Parmi les sujets de prédilection de Péan, figuraient en outre les rapports entre le pouvoir et les médias. La Face cachée du Monde (Éd. Mille et Une Nuits), qu’il écrivit avec le regretté Philippe Cohen, déchaîna les passions lors de sa parution en 2003 en bousculant sur son piédestal le quotidien du soir et sa réputation de « journal de référence ». À l’heure où disparaît un géant du journalisme français, le petit milieu médiatique bruisse encore des conséquences de « l’affaire » qui a conduit François de Rugy, ministre de la Transition écologique, à démissionner sur la base d’informations publiées par Mediapart. Depuis la diffusion de deux rapports-éclairs relatifs aux accusations portées contre l’intéressé, pourtant truffés d’ambiguïtés, l’exécutif, les élus de la majorité et la presse pro-gouvernementale jouent la petite musique de la délation, de l’acharnement ignoble, sinon de la diffamation.
Un nouveau procès contre un certain journalisme est instruit : celui qui ne se contente pas de relayer ou, dans le meilleur des cas, de commenter complaisamment les éléments de langage des politiques.

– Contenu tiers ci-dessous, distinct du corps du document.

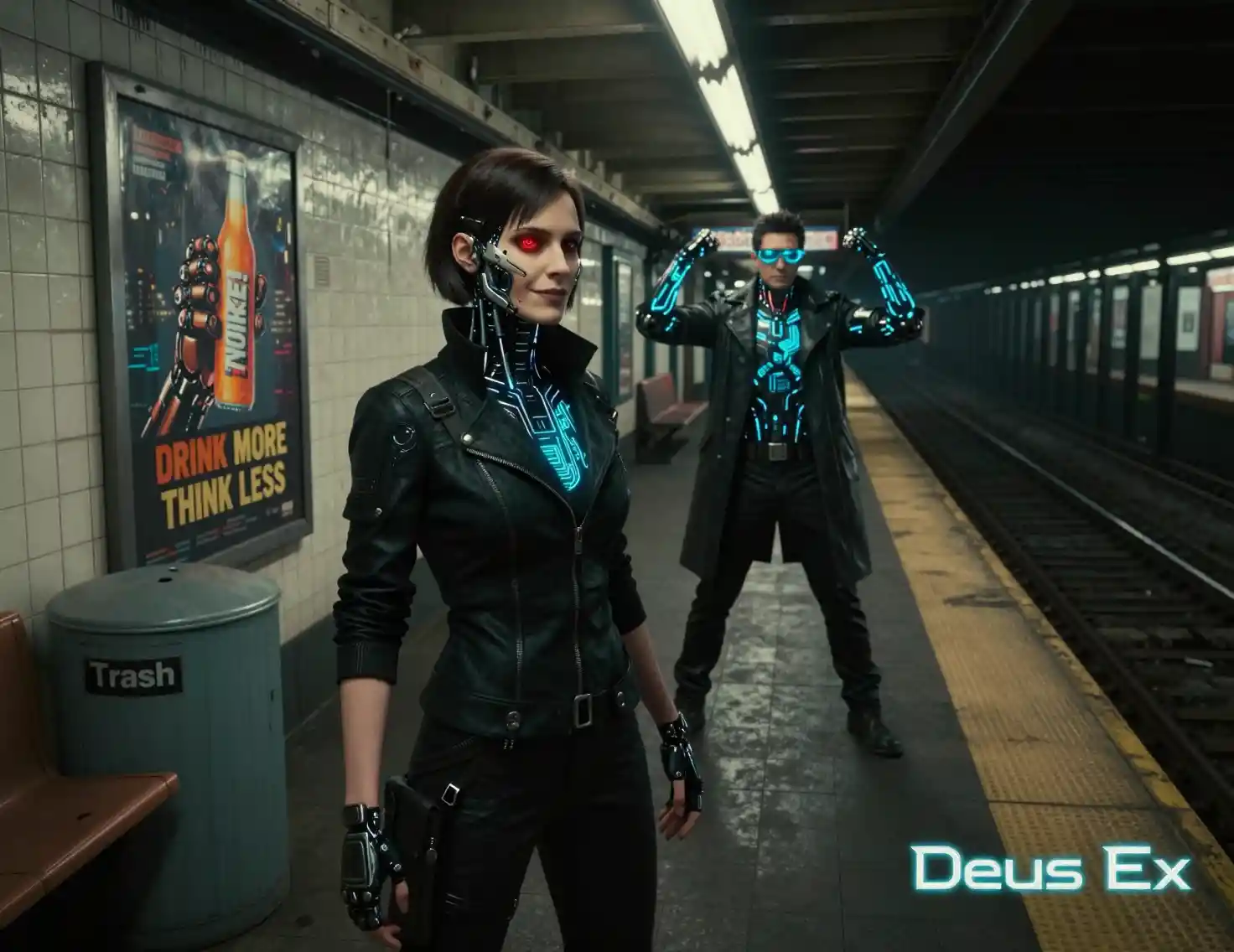 Augmented woman waiting alone on cyberpunk subway platform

Informer tue ? Dans un accès de délire emphatique, l’égérie du PAF Bernard-Henri Lévy a qualifié les journalistes de Médiapart d’ « assassins » de François de Rugy. Ce spécialiste hors catégories du name dropping aurait été plus inspiré de se souvenir de Camus et de ce qu’il advient des choses mal nommées… Le président de l’Assemblée nationale Richard Ferrand a évoqué de son côté la démission contrainte du ministre comme une « brutalité insupportable ».
Rien de moins.
Pour l’ancien éditorialiste Dominique de Montvalon, il ne devrait pas y avoir d’affaire : la surexploitation médiatique des dîners du couple de Rugy n’est que « le fait des populistes anti-parlementaristes des deux rives »… Il n’est pas jusqu’au très macroniste Journal du Dimanche qui s’est tôt engagé dans la réhabilitation du ministre lynché en titrant en Une le 20 juillet : « Rugy est-il parti pour (trois fois) rien ? ». Le choix d’un vocabulaire excessif ne vise pas à secourir l’infortuné mais bien à porter l’estocade contre la presse qui « révèle », en d’autres termes, celle qui gêne.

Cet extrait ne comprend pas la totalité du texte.